Setiap tahun, Hari Anak Nasional diperingati dengan slogan-slogan yang manis. Tema peringatan hari anak tahun 2025 ini bahkan lebih mentereng lagi: "Anak Hebat, Indonesia Kuat Menuju Indonesia EMAS 2045".
Namun, di balik tema hari anak yang menebar optimisme itu, terselip perasaan getir. Masih hangat dalam perbincangan publik tentang sosok Ahmad Zuhdi, guru sederhana yang tak lagi muda dari Madrasah Diniyah Karanganyar, Demak, yang sekan menjadi korban dari ketidakjelasan persepsi arah perlindungan anak di negeri ini.
Zuhdi, yang telah mengabdi lebih dari tiga dekade mendidik anak-anak kampung, harus menanggung beban berat setelah memukul seorang siswa yang melempar sandal ke arahnya saat sedang mengajar. Aksinya spontan, emosional, dan sedikit di luar kendali, tetap tidak bisa dibenarkan. Tetapi, apakah penyelesaiannya harus lewat jalur pidana? Apakah keadilan bagi anak selalu berarti penghukuman terhadap guru?
Kasus ini membuktikan bahwa konsep perlindungan anak di Indonesia belum memiliki pijakan yang bijaksana dan adil. Perlindungan anak sering kali dipahami secara sempit: sebatas larangan kekerasan fisik. Padahal, pendidikan itu sendiri adalah relasi kemanusiaan yang kompleks, penuh interaksi emosional, spiritual, dan nilai-nilai. Ketika sistem lebih cepat menghukum daripada membimbing, maka dunia pendidikan sedang berjalan menuju kehancuran.

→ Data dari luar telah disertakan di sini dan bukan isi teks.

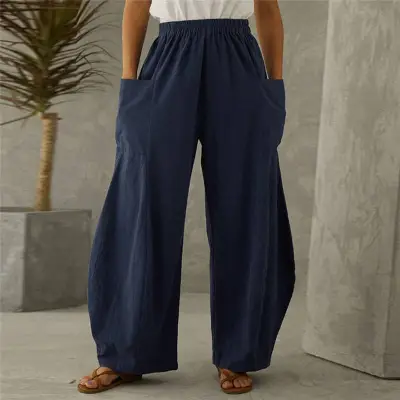 S-5XL Women's Cotton Linen Blend Wide Leg Pants Urban Leisure Style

Kriminalisasi terhadap guru seperti yang terjadi pada Guru Zuhdi (tampaknya kerap pula terjadi di daerah lain) sesungguhnya mengirimkan sinyal bahaya. Guru bukan malaikat yang tak pernah salah. Tetapi ia juga bukan penjahat yang pantas diadili hanya karena satu kesalahan di tengah pengabdian puluhan tahun. Lebih-lebih, ketika kasus ini awalnya sudah diselesaikan melalui mediasi, permintaan maaf, bahkan pemberian kompensasi, lalu muncul LSM, polisi, dan tekanan sosial — yang memerkeruh niat damai menjadi tekanan moral dan finansial. Zuhdi bahkan harus menjual motor dan meminjam uang demi menyelesaikan kasus yang sejatinya bisa berakhir di ruang maaf.
Ironisnya, ketika orang tua siswa kemudian menyadari dan hendak mengembalikan uang damai Rp 12,5 juta itu, Guru Zuhdi menolaknya dengan lapang dada. “Saya sudah memaafkan sejak lama,” katanya.
Inilah bentuk tertinggi dari moral seorang guru — memaafkan bahkan sebelum diminta. Sementara sistem di sekelilingnya gagal menunjukkan keadilan serupa.
Pertanyaannya kini, kepada siapa anak-anak kita akan menyerahkan masa depannya, jika para guru diperlakukan seperti ini? Di tengah kekaburan orang tua tentang konsep perlindungan anak.
Siapa lagi yang berani mendidik dengan sepenuh hati, jika satu kesalahan kecil saja bisa berujung kriminalisasi dan stigma publik? Masyarakat dan negara mungkin tak sadar bagaimana pepatnya hidup seorang guru sekolah swasta di kampung yang hanya menerima Rp 450.000 per bulan tetapi diperlakukan seperti pesakitan saat ia melakukan kesalahan.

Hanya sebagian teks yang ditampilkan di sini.